The Child | Data | Citizen project explored this transformation through a multi-method approach which involved auto-ethnographic research; 50 semi-structured in-depth interviews with parents with children from 0 to 13 years of age (whose personal information is regulated by the Child Online Privacy Protection Act); eight months of digital ethnography of parents "sharenting" practices on the social media accounts of eight families; and the platform analysis of four social media platforms; ten apps (baby and pregnancy apps); four home hubs; four education platforms. By focusing on different types of children’s data (social media data, home life data, education data and health data) the project was able to shed light on the messy and complex experience of data technologies in family life and highlight the human emotions, beliefs, business models and technologies that are making the "datafication" of children possible.
The main findings of the project showed that current data protection laws are failing children and that children are being "datafied" into citizen subjects from before they are born, often based on biased and inaccurate algorithmic predictions that cannot account for the complexity of human experience. This is impacting not only their right to privacy but also their right to non-discrimination, moral autonomy and data justice. This demonstrates that looking at how children are being turned into "datafied" citizens, in often biased and inaccurate ways, can enable us to start asking critical questions about the possible dystopian futures that tech companies are building for us.

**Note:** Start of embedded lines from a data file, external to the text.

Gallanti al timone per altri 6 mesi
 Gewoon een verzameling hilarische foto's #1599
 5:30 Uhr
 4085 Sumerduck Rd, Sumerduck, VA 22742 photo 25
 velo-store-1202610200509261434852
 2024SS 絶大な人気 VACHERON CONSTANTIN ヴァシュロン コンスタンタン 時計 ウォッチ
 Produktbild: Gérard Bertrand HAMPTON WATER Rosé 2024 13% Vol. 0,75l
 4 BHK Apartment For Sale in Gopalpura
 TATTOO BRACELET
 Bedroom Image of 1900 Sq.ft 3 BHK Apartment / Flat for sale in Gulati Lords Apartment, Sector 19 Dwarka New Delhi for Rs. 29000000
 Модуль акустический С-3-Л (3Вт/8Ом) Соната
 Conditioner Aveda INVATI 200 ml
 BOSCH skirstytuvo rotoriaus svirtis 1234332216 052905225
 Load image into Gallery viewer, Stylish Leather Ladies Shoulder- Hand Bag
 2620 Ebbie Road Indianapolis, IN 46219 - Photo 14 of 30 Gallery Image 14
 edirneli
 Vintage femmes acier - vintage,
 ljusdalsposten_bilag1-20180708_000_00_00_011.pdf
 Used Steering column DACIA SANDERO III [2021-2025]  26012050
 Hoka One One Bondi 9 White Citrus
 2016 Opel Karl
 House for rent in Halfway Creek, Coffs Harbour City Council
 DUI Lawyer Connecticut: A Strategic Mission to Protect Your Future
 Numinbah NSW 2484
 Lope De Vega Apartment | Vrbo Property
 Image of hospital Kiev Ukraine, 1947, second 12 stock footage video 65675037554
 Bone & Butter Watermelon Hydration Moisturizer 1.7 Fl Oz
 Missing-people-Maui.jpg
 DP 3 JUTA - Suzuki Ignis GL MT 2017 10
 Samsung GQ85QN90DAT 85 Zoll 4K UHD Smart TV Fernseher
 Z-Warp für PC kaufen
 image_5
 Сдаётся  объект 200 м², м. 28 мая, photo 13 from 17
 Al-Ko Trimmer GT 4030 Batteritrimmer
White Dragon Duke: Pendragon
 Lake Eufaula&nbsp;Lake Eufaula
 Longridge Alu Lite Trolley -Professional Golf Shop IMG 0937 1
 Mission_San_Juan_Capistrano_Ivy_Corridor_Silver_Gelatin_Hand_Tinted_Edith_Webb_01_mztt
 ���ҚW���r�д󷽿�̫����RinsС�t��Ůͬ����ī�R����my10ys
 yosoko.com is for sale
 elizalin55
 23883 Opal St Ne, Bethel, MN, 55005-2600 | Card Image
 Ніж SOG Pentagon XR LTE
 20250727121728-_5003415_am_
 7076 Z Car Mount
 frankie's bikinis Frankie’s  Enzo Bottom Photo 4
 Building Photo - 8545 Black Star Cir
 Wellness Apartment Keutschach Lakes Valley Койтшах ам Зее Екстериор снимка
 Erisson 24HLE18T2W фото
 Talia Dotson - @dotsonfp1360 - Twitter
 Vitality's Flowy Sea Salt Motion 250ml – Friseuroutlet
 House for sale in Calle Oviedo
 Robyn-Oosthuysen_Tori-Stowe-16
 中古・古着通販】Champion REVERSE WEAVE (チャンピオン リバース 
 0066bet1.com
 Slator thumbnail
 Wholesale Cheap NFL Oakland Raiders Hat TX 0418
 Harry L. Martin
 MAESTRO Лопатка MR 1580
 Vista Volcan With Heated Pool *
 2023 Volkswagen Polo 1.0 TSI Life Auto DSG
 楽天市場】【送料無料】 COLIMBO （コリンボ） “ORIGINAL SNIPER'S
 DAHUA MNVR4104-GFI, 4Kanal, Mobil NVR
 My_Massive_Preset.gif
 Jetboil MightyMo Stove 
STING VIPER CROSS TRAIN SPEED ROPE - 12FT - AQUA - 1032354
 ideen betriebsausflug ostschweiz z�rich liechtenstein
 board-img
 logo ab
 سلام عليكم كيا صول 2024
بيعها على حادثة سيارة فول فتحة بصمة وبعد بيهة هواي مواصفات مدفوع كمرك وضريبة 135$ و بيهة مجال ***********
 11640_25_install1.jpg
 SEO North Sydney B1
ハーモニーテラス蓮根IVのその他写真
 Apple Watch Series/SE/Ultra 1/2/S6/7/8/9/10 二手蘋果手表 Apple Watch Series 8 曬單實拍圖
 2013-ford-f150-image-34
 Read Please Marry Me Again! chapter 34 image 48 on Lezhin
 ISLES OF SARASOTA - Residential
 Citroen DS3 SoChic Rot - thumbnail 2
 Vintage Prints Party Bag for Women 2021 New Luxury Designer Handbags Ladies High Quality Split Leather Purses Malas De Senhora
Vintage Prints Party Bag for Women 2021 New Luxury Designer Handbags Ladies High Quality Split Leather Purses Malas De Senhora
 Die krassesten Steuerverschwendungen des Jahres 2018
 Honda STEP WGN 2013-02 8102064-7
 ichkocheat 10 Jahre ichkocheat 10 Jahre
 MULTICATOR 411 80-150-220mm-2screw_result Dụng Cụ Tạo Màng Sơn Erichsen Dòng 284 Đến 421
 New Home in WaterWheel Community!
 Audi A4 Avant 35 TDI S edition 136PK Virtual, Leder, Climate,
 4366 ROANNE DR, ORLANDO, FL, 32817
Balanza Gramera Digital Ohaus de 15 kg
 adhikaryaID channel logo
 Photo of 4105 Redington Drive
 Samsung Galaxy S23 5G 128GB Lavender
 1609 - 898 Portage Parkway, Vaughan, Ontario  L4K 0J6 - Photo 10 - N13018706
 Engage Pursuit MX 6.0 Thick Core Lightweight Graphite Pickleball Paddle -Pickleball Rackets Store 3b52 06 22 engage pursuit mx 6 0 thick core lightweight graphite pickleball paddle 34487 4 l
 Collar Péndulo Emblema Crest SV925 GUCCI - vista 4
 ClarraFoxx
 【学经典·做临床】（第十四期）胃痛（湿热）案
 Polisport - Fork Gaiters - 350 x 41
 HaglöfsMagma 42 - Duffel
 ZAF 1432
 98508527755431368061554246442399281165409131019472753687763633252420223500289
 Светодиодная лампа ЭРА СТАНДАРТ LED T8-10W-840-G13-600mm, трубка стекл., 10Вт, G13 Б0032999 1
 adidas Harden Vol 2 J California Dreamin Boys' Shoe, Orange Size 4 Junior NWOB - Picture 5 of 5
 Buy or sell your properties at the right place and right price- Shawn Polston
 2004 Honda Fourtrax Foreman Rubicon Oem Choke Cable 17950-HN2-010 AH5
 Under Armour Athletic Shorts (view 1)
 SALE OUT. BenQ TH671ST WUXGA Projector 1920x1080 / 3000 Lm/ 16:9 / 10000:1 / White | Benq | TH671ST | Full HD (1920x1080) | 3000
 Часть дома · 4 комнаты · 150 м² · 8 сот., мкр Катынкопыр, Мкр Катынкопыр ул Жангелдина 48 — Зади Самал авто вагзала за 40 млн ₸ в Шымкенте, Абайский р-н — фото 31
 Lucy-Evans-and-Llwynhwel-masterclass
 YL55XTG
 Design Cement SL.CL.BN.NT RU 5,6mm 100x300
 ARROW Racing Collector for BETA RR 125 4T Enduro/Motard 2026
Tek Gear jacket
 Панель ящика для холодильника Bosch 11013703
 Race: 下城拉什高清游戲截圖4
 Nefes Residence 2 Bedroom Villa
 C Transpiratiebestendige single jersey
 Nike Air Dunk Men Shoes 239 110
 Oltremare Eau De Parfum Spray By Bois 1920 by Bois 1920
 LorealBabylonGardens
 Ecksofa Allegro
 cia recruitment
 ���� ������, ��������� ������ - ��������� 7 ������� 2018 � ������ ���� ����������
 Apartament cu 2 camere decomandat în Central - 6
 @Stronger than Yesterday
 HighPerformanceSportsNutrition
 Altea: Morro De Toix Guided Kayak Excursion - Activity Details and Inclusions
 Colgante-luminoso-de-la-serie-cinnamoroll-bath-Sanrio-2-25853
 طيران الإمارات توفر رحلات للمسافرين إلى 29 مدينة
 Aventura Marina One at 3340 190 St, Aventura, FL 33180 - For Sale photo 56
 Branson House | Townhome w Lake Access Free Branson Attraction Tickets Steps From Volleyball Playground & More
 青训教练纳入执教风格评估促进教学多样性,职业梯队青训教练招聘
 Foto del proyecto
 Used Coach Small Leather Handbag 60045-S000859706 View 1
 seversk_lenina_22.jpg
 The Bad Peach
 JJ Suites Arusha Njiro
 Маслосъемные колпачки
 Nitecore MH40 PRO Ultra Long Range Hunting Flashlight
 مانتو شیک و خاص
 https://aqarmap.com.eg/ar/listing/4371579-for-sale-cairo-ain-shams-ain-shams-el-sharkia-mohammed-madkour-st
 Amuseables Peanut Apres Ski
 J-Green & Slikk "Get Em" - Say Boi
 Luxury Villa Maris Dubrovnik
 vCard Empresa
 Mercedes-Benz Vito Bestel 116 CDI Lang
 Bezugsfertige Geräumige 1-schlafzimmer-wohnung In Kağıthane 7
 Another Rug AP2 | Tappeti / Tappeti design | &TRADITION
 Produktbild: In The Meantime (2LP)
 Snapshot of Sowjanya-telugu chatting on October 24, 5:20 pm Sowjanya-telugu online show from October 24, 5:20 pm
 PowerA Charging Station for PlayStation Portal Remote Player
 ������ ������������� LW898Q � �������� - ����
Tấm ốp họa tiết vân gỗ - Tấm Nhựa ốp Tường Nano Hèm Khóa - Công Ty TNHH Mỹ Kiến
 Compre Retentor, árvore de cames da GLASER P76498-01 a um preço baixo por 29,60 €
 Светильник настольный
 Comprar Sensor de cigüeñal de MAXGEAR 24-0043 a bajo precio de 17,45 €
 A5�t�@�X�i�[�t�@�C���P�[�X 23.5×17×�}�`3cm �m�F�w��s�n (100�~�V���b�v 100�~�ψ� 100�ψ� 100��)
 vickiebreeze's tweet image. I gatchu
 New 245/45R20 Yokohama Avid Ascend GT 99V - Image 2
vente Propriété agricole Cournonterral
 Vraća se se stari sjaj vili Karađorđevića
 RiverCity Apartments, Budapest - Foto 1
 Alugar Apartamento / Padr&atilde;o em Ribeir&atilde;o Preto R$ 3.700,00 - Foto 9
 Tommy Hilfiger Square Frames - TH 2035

Dr Barassi received significant international media interest with articles appearing in mainstream newspapers in Poland, Canada, Italy, Portugal and Turkey as well as UK media including The Guardian, The Telegraph and The Times. Several reports produced by Dr Barassi have been submitted as evidence to policymakers such as the United Nations High Commissioner for Human Rights and the UK Government’s Information Commissioner Office. Dr Barassi was invited by the Irish Government to speak at the Digital Summit in Dublin on the implications of AI ethics, as well as by leading universities including Stanford University, UCLA, University of Southern California and King’s College London. As a result of the project, Dr Barassi was promoted to Senior Lecturer at Goldsmiths and since been appointed as Full Professor in Media and Culture at the University of St Gallen in Switzerland. In addition to published articles, book chapters and book, Dr Barassi delivered a TedxMileHigh talk in Denver in 2020 to an audience of 5000 people. The project’s website makes available the findings to the public.